#### [EXCERPTED DATA]
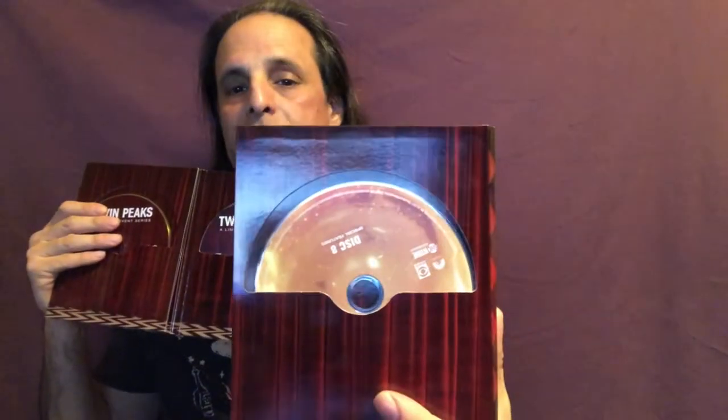All of these discs comprise the entire series. There is a disc in the front and another gold disc on the back. This set features eight discs, and there are bonus features on some of the discs, not all of them, but then there is an eighth disc that is all bonus features — I'll get to that one in a moment.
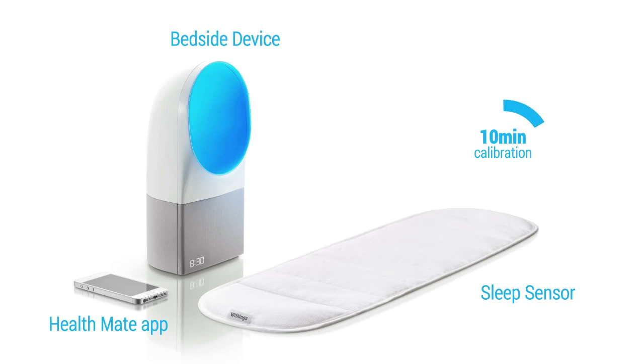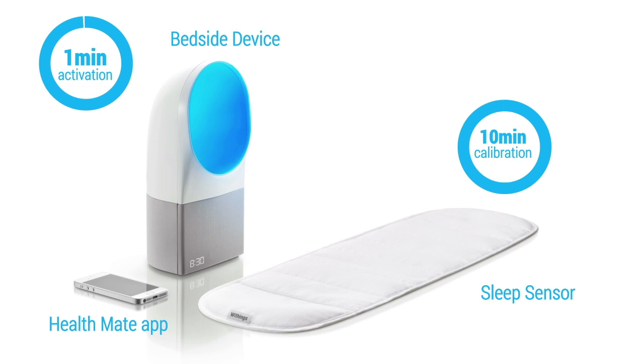The sleep sensor will take around 10 minutes to go through the calibration process, while the bedside device will boot in one minute.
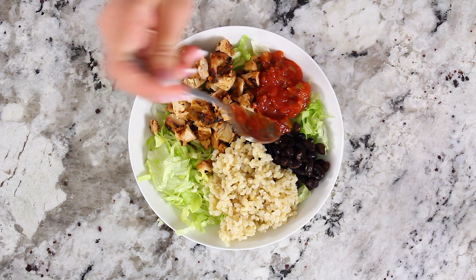I hope you guys enjoyed watching this video, and if you did please be sure to share, like, and subscribe to our channel so you guys never miss out on any of our new recipes. See you next time!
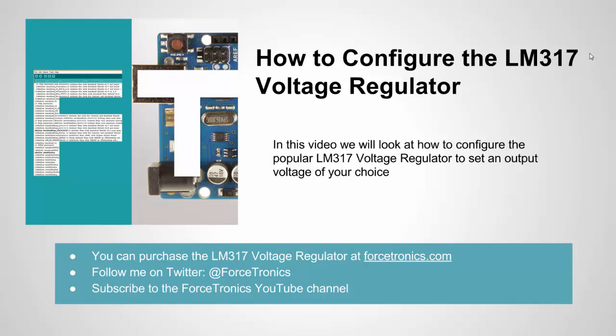Hello from the Forcetronics YouTube channel and welcome to how to configure the LM317 voltage regulator. The LM317 is a very popular voltage regulator, and one of the reasons it's so popular is because its output is actually adjustable, so you can adjust it to the voltage you need for a particular project. I have a makers store at Forcetronics.com where I sell a lot of different things, including the LM317 covered in this video. Let's get started.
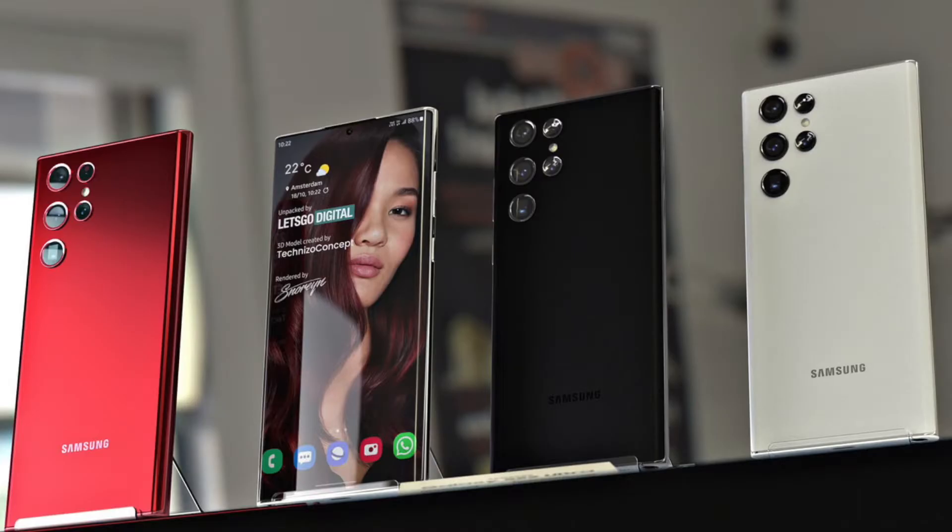In fact, the newly leaked official renders confirmed that the phone is pretty much a Note in every single way except for its name. Wider screen with more surfaces to write on? Yes. S-pen silo? Yes. Flat top and bottom? Yep.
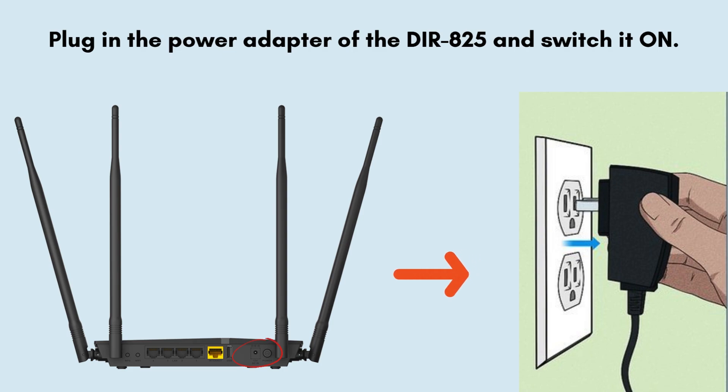First of all, plug in the power adapter of the DIR825 and switch it on. Wait for about 1-2 minutes for the router to boot up completely. Ensure the WPS/status LED is steady or blinking.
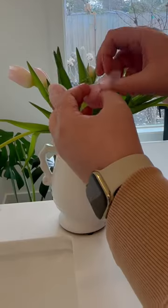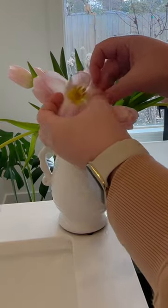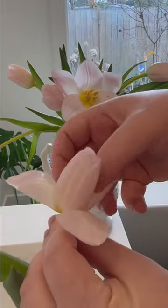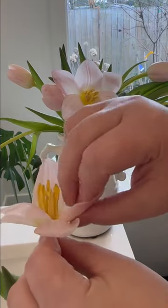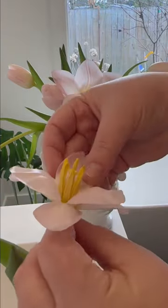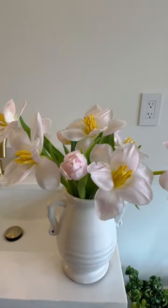If you're looking for a luxe look and feel, then reflexing flowers will accomplish this look. The technique is really easy. Using your fingers, gently flip out each petal starting from the outermost layer and working your way towards the center of the flower. This is also a really great way to freshen old blooms and give them a completely new look.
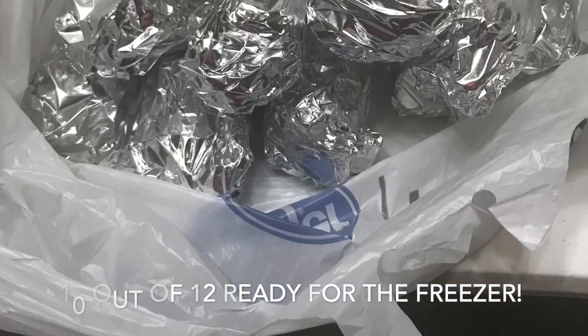So I hope you like this short little video of how I process my corn on the cob. I hope you all have a blessed day. Thanks for watching.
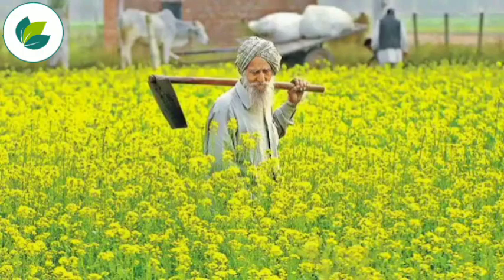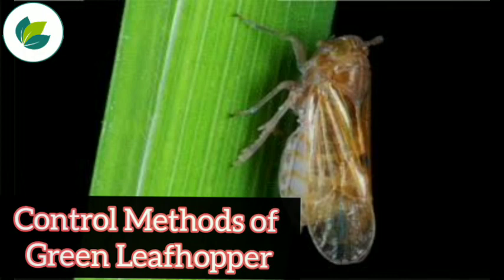Welcome to our channel Krishi Network. Dear farmers, in this video, we are going to tell you the control methods of green leaf hopper in the rice field.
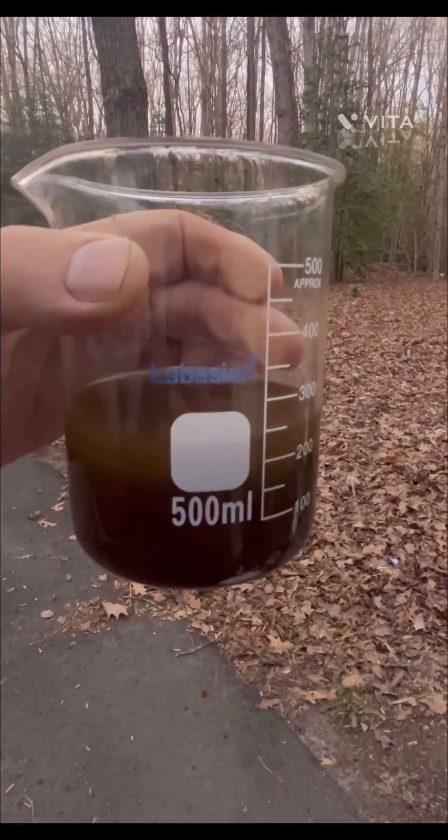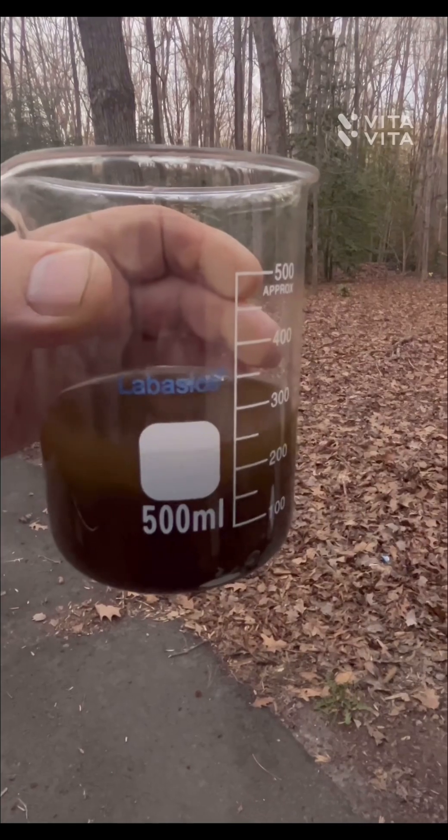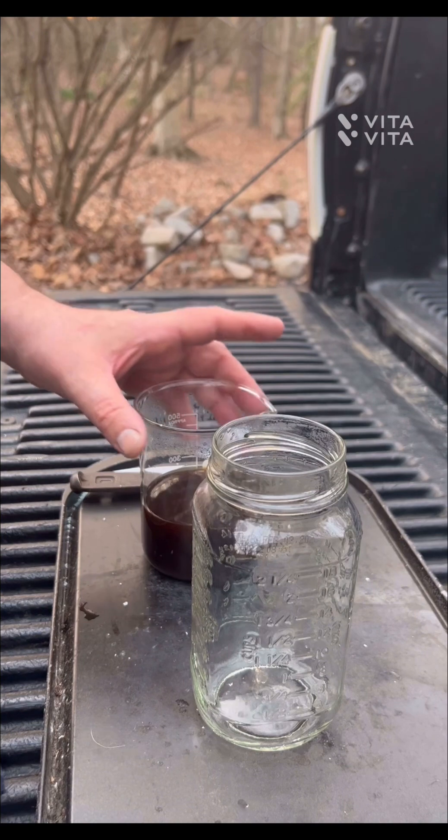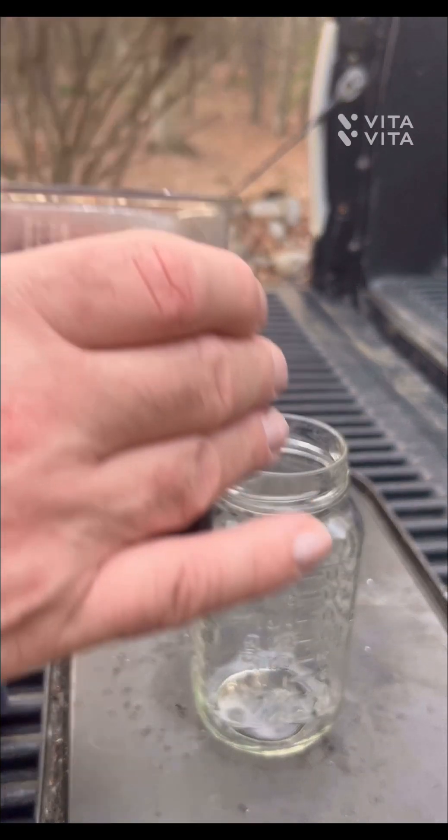That's dropping down real nice. We're going to heat it up, let it drop, and see what we have. It looks pretty good at the bottom — we're going to let it cook a little bit longer and settle out tonight. Got a little bit of that ferrous sulfate — drops it real nice.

#### [WORK REQUEST]
With the pictures omitted, reproduce the data above exactly.

#### [WRITTEN RESPONSE]
All of these discs comprise the entire series. There is a disc in the front and another gold disc on the back. This set features eight discs, and there are bonus features on some of the discs, not all of them, but then there is an eighth disc that is all bonus features — I'll get to that one in a moment.
The sleep sensor will take around 10 minutes to go through the calibration process, while the bedside device will boot in one minute.
I hope you guys enjoyed watching this video, and if you did please be sure to share, like, and subscribe to our channel so you guys never miss out on any of our new recipes. See you next time!
Hello from the Forcetronics YouTube channel and welcome to how to configure the LM317 voltage regulator. The LM317 is a very popular voltage regulator, and one of the reasons it's so popular is because its output is actually adjustable, so you can adjust it to the voltage you need for a particular project. I have a makers store at Forcetronics.com where I sell a lot of different things, including the LM317 covered in this video. Let's get started.
In fact, the newly leaked official renders confirmed that the phone is pretty much a Note in every single way except for its name. Wider screen with more surfaces to write on? Yes. S-pen silo? Yes. Flat top and bottom? Yep.
First of all, plug in the power adapter of the DIR825 and switch it on. Wait for about 1-2 minutes for the router to boot up completely. Ensure the WPS/status LED is steady or blinking.
If you're looking for a luxe look and feel, then reflexing flowers will accomplish this look. The technique is really easy. Using your fingers, gently flip out each petal starting from the outermost layer and working your way towards the center of the flower. This is also a really great way to freshen old blooms and give them a completely new look.
So I hope you like this short little video of how I process my corn on the cob. I hope you all have a blessed day. Thanks for watching.
Welcome to our channel Krishi Network. Dear farmers, in this video, we are going to tell you the control methods of green leaf hopper in the rice field.
That's dropping down real nice. We're going to heat it up, let it drop, and see what we have. It looks pretty good at the bottom — we're going to let it cook a little bit longer and settle out tonight. Got a little bit of that ferrous sulfate — drops it real nice.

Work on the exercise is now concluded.